In other respects, too, Fujiwara's stance on the legacy of World War II is what most clearly separates him from the run-of-the-mill nationalist you might see wearing fatigues and singing gunka at Yasukuni. It strikes me as relatively subtle - in fact, trying to evaluate it has me pushing at the edges of my historical knowledge. First, Fujiwara makes a stark distinction between the war against the U.S., and the war against China. He claims that the first was necessary for Japanese self-preservation, a position I don't feel qualified to evaluate. Much more interesting, and clearly challenging to assessments of Fujiwara as a conventional nationalist, is that he roundly condemns the events of the the Manchuria incident and subsequent Japanese invasion of China. He does so in terms of the bushido ethics he attempts here to revive, calling the abuse of a weak enemy by a stronger one 'base' and undignified. This is, obviously, dramatically different from the typical nationalist stance that, for instance, the Rape of Nanking is strategically exaggerated by China as a bargaining chip.
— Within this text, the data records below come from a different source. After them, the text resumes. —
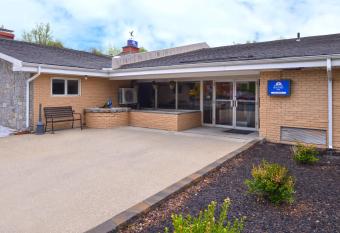 Motel 6 Putnam, CT allows 18 year olds to book a room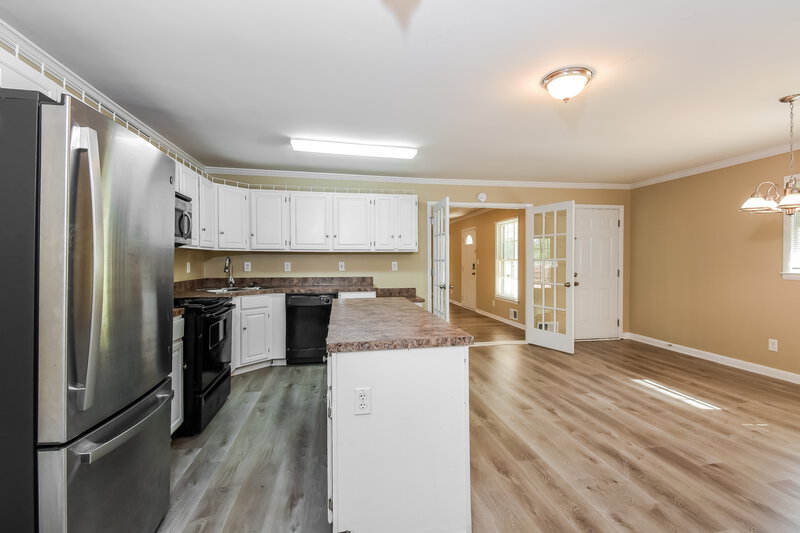 1,840/Mo, 4910 Springdale Road Austell, GA 30106 Kitchen View 2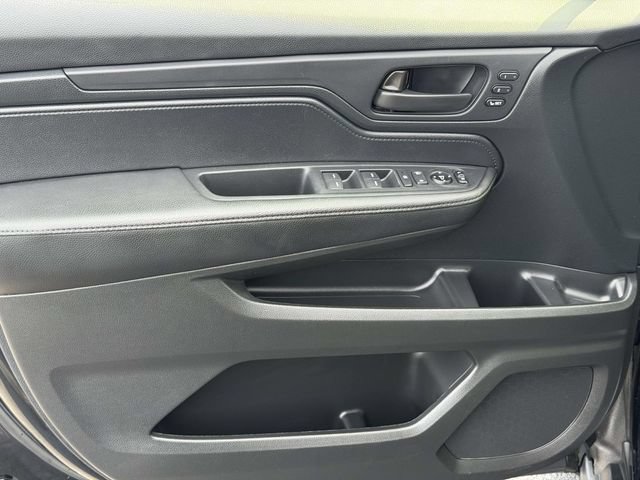 Used 2023 Honda Odyssey EX-L image 6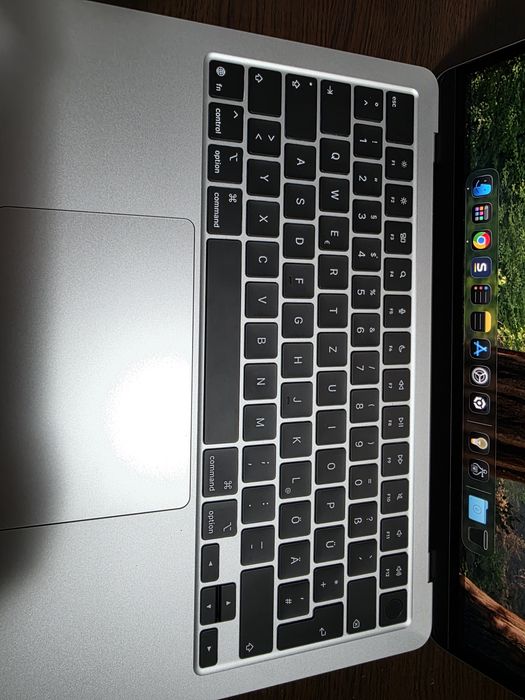 Macbook Air M4 13 inch 2025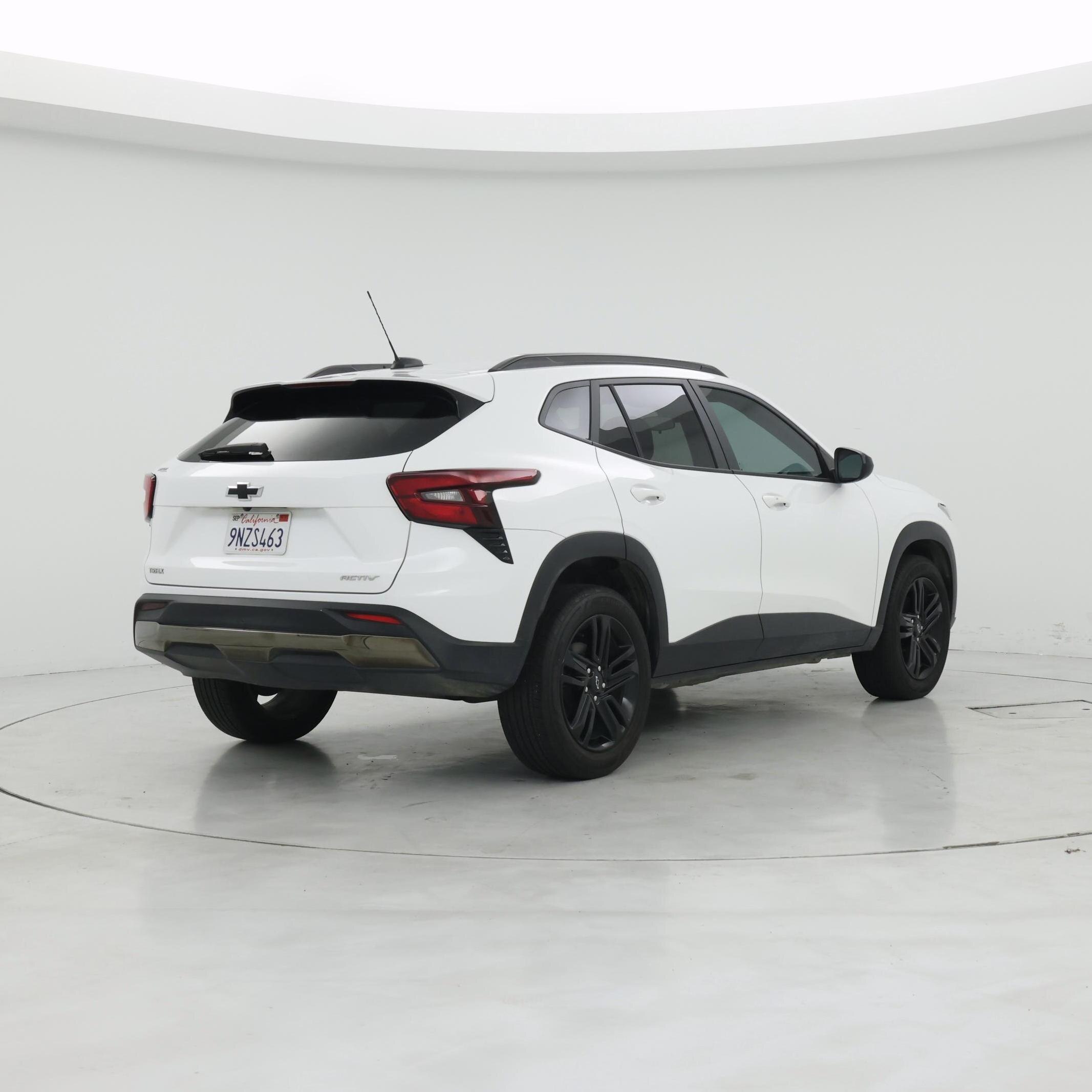 Thumbnail: 2025 Chevrolet Trax - 8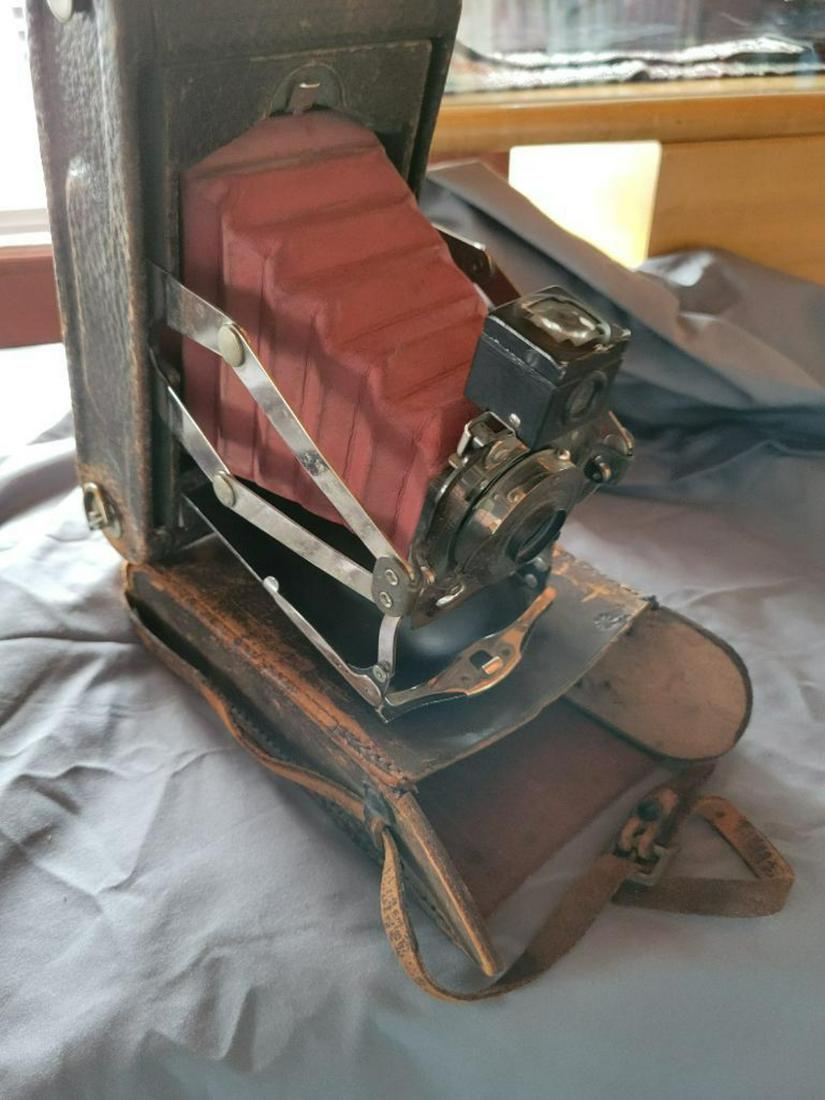 Antique Camera with good bellows (1 of 2)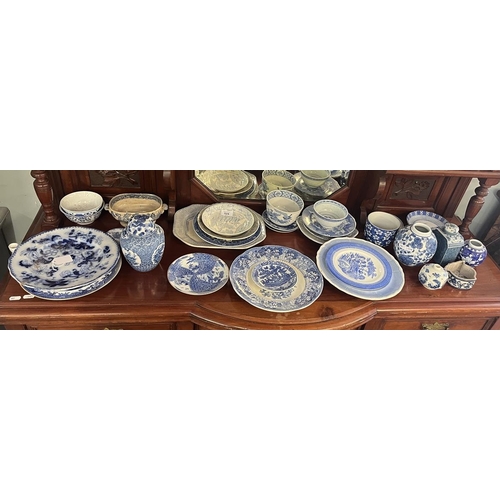 524 - Quantity of antique blue and white china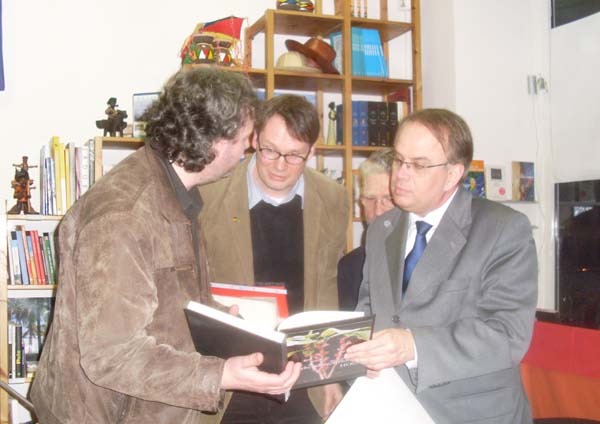 Goethea cauliflora; Prof. Grüneberg zeigt Dr. Roberto Colin, Dr. Axel Gutmann und Sylk Schneider eine der vielen Forschungsarbeiten zur Goethea.
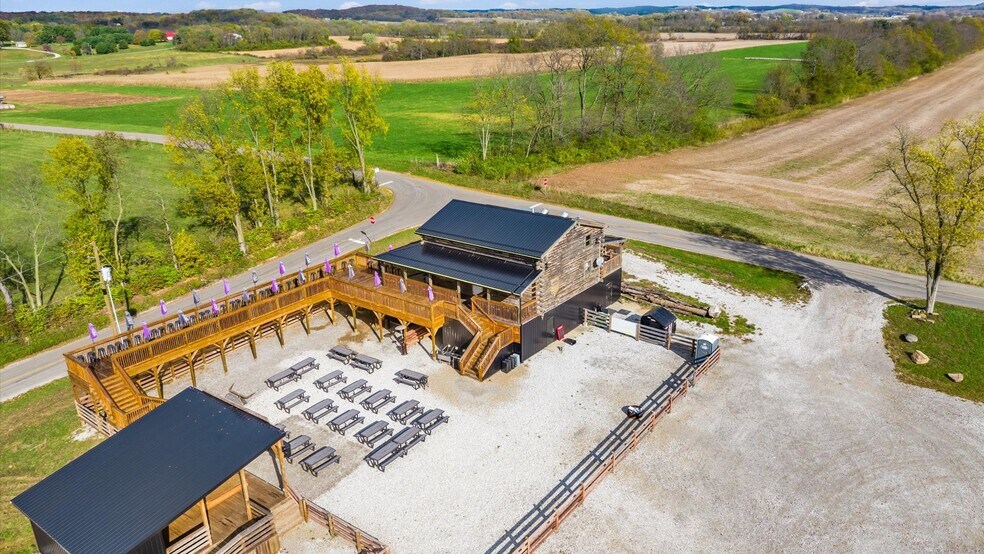 More Photos Of 8635 Blackbird Lane, Thornville Land For Sale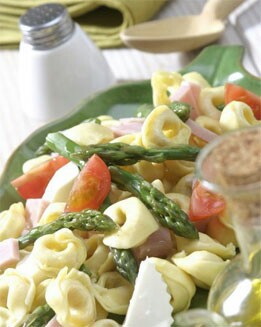 ENSALADA DE TORTELLINI CON ESPÁRRAGOS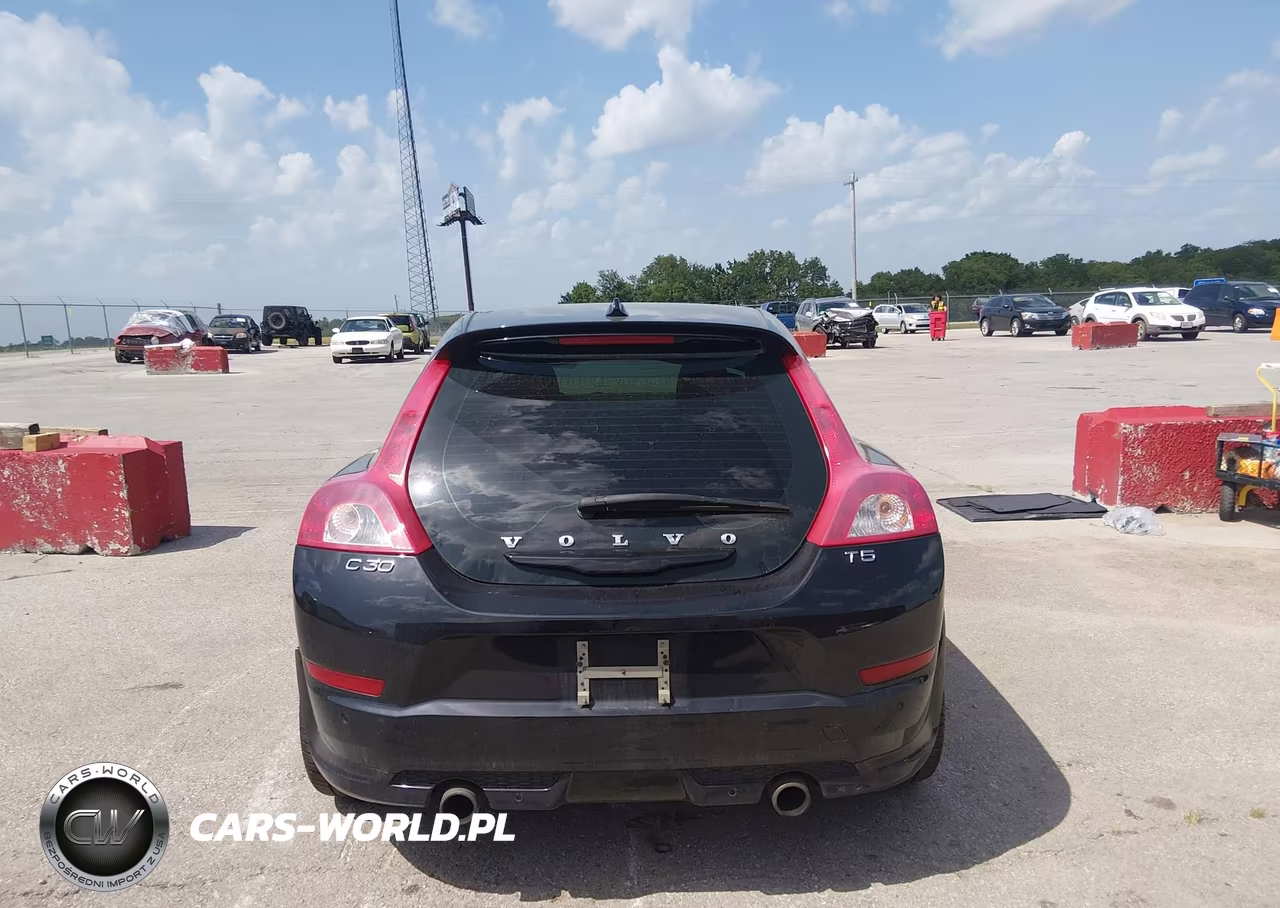 2013 Volvo C30 T5-T5 Platinum-T5 Premier-T5 Premier Plus-T5 R-Design-T5 R-Design Platinum-T5 R-Design Premier VIN:YV1672MK2D2303007 - 16
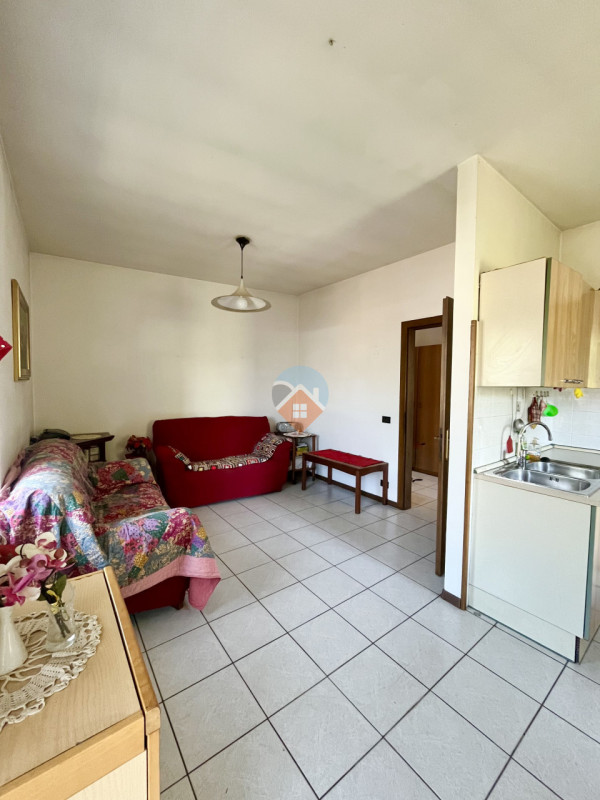 Foto appartamento in vendita a Rovereto (Trento)
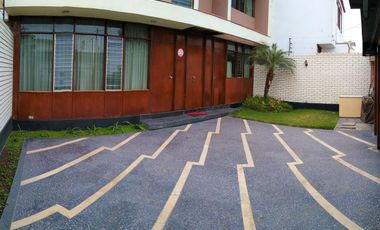 SURCO VENTA CASA * AT: 304.00 M2 *AC: 378.00 M2 - 2 PISOS + AIRES  7 DORM 8 BAÑOS 2 COCHERAS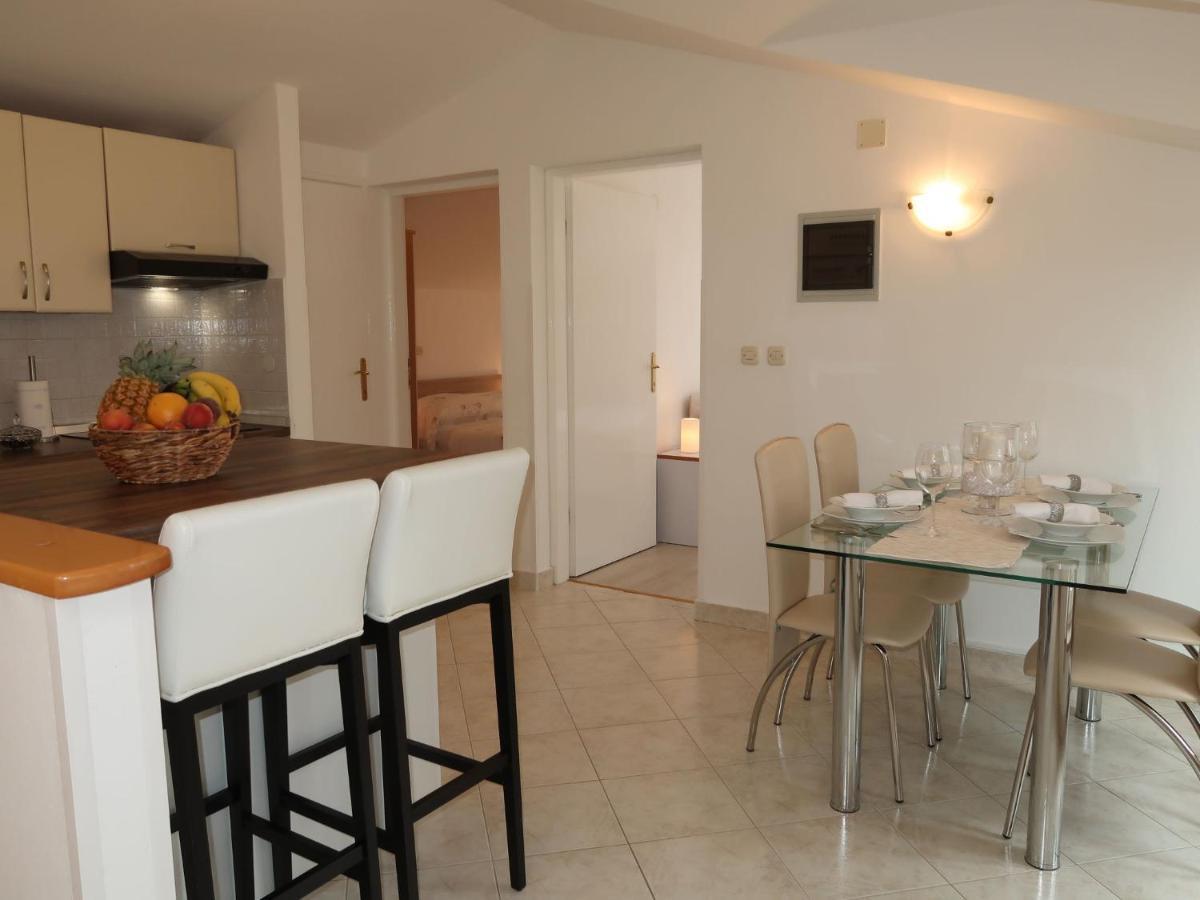 Apartment Marinella - Lbn120 By Interhome Labin  Εξωτερικό φωτογραφία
Offhand dismissals of Kokka no Hinkaku have done no favors to Westerners seeking to better understand Japan. If all right-wing thought in Japan is instinctively lumped in with militarist nationalism, what we're left with is the distorted picture of a country with only one viable political philosophy. Fujiwara clearly holds some controversial views, and it must be granted that this is amateurish, off-the-cuff writing - he's not a political philosopher, but a pamphleteer. But the positions he articulates resonate with various completely legitimate and vital thinkers on matters of national identity. In his own moment-to-moment thinking, the man may not be clear on the boundary between cultural and racial distinctiveness, but his book is not a piece of blood-and-soil nihonjinron. It's a political philosophy that values distinction and uniqueness, and opposes the ethos of globalist universalism that he sees as a code for Western neo-imperialism. There are, inevitably, inconsistencies and holes in his logic. But to dismiss this book does no favors for the mutual understanding that globalists claim to value.